Assigned task: Pictures are not part of the answer. Write out exactly the lines from the one containing "Je bent Legend" through the end of the material below.

** Opening Data for this task block **

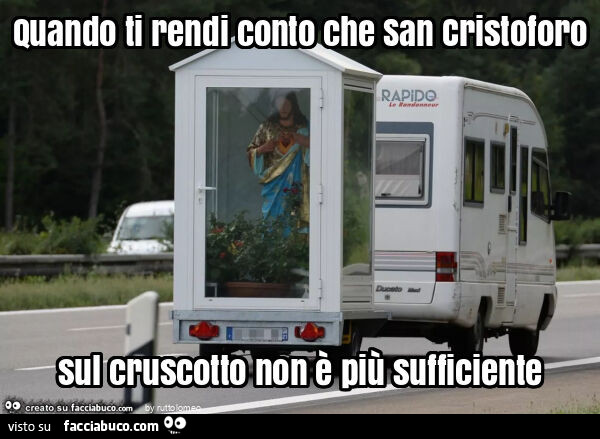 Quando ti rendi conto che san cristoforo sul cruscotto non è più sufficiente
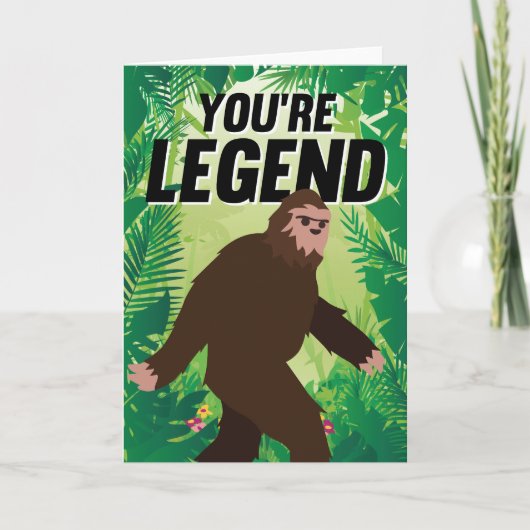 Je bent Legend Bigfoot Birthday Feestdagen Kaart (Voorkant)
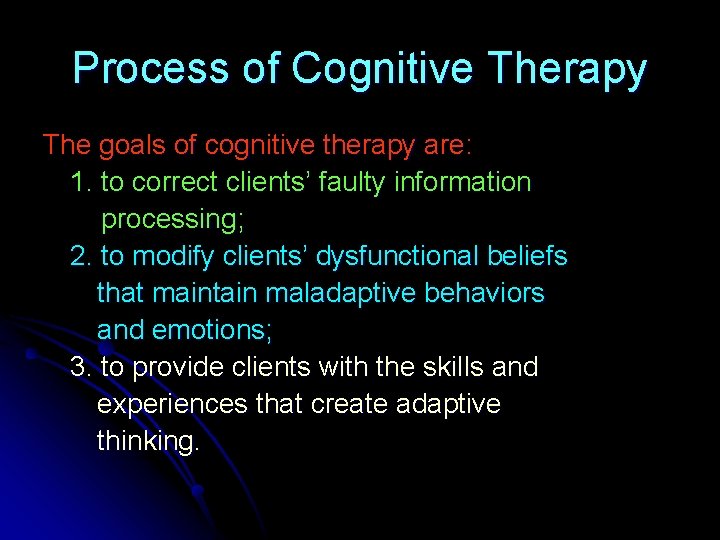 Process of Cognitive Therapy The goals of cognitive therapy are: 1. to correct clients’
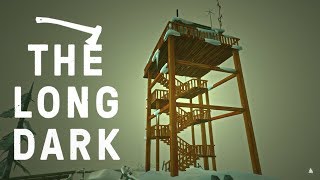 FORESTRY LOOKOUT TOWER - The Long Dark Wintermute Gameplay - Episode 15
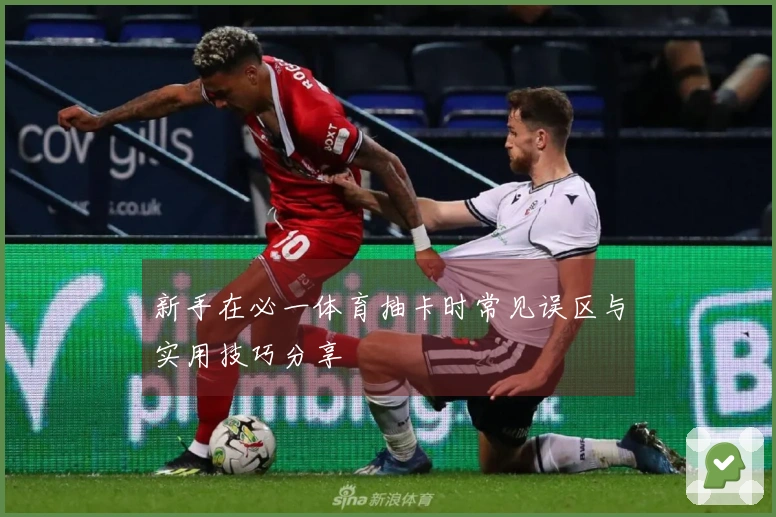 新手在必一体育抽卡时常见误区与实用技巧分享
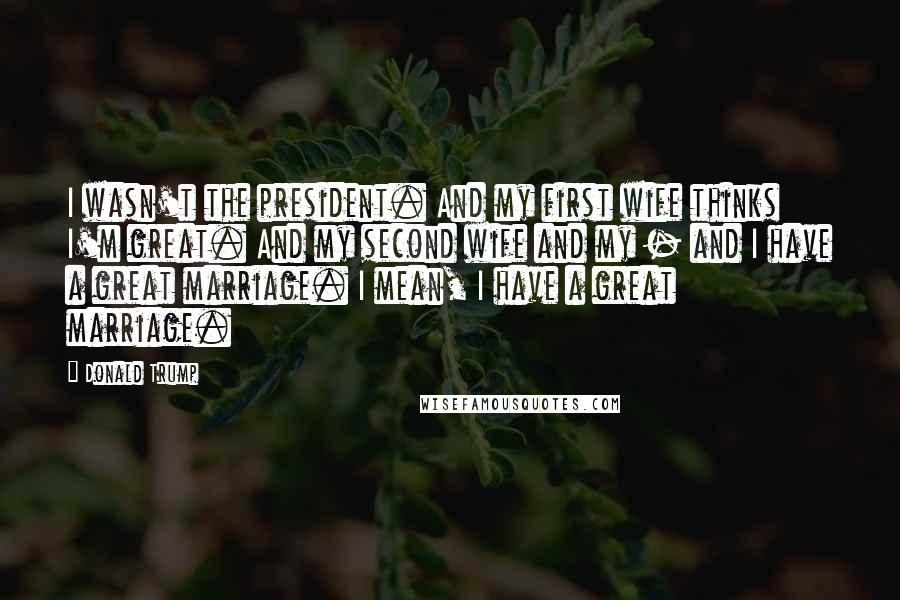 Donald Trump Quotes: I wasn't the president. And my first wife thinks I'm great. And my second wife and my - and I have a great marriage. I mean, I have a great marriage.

** Closing Data for this task block **

Solved problem:
 Je bent Legend Bigfoot Birthday Feestdagen Kaart (Voorkant)
 Process of Cognitive Therapy The goals of cognitive therapy are: 1. to correct clients’
 FORESTRY LOOKOUT TOWER - The Long Dark Wintermute Gameplay - Episode 15
 新手在必一体育抽卡时常见误区与实用技巧分享
 Donald Trump Quotes: I wasn't the president. And my first wife thinks I'm great. And my second wife and my - and I have a great marriage. I mean, I have a great marriage.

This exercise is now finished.